[Stored dataset items]
◆ ◆ ◆

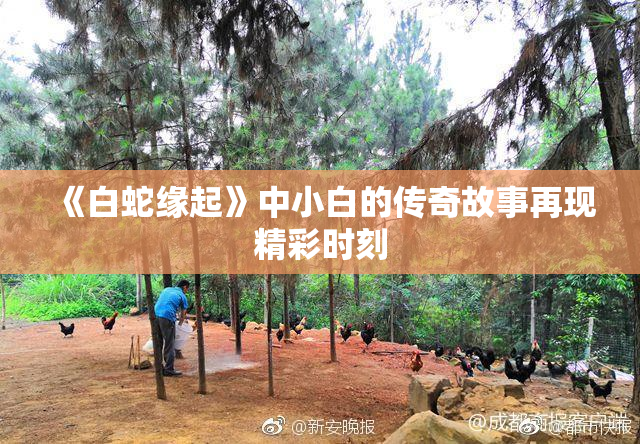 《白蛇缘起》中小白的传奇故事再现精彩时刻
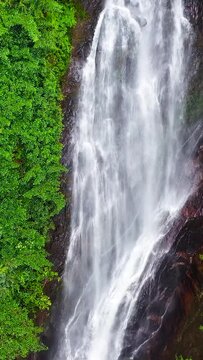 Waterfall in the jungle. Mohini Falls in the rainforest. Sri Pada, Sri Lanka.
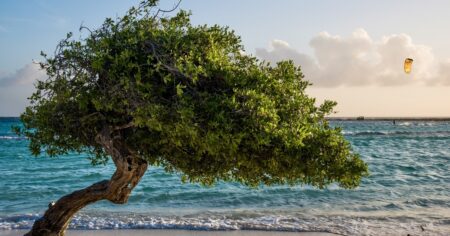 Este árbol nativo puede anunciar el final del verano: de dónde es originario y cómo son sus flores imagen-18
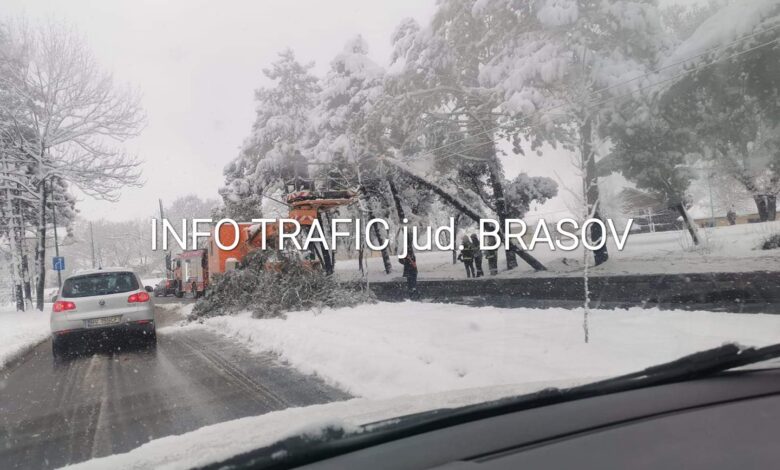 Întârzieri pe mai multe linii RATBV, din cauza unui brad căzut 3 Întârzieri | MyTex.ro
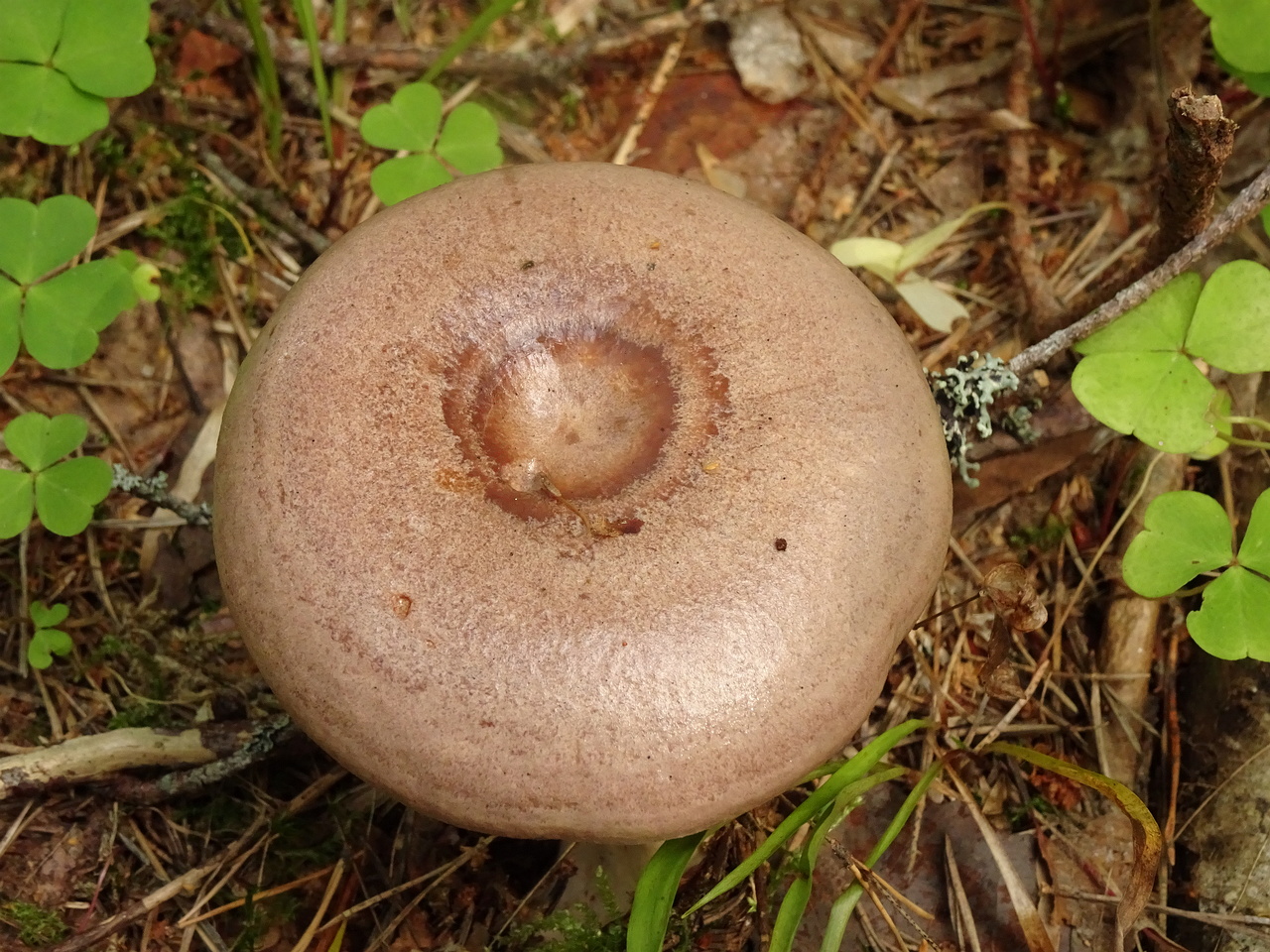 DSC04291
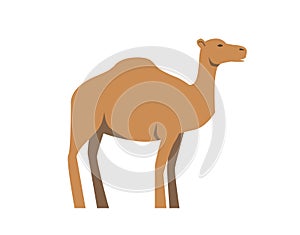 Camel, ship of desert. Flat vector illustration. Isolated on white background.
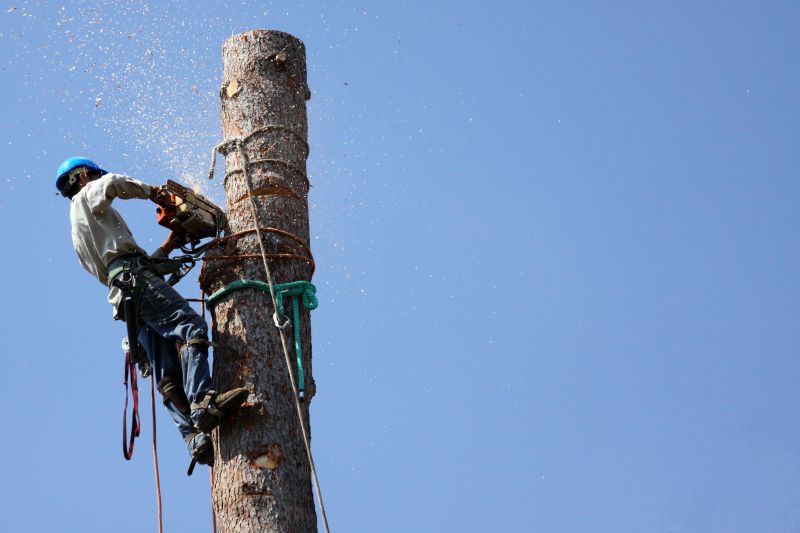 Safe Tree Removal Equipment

◆ ◆ ◆

BRIEF: Pictures must be left out. Repeat exactly the lines from the one containing "Întârzieri pe mai" through the final line of the data.

OUTPUT BELOW:
 Întârzieri pe mai multe linii RATBV, din cauza unui brad căzut 3 Întârzieri | MyTex.ro
 DSC04291
 Camel, ship of desert. Flat vector illustration. Isolated on white background.
 Safe Tree Removal Equipment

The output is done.